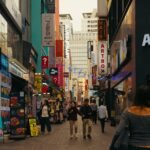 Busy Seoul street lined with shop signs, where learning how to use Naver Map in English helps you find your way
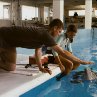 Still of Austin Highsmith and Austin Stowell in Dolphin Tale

...

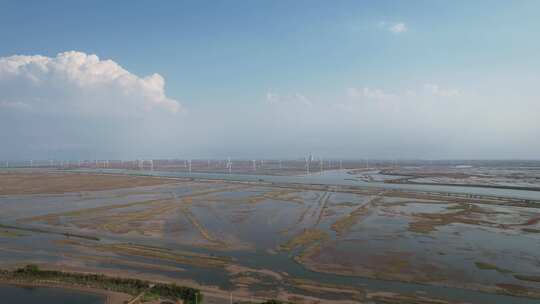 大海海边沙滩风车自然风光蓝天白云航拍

...

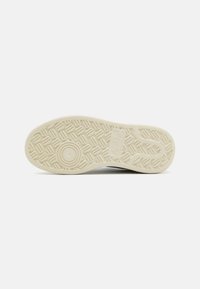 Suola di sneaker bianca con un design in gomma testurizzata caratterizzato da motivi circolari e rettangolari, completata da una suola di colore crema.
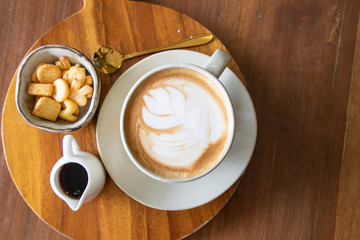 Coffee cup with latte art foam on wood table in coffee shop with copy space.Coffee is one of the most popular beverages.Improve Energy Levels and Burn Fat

:: Work required ::
Would you please repeat only the lines above, beginning at the one that has "Busy Seoul street" and stopping after the one that has "Still of Austin", exactly and with no pictures?

:: Response to the task ::
 Busy Seoul street lined with shop signs, where learning how to use Naver Map in English helps you find your way
 Still of Austin Highsmith and Austin Stowell in Dolphin Tale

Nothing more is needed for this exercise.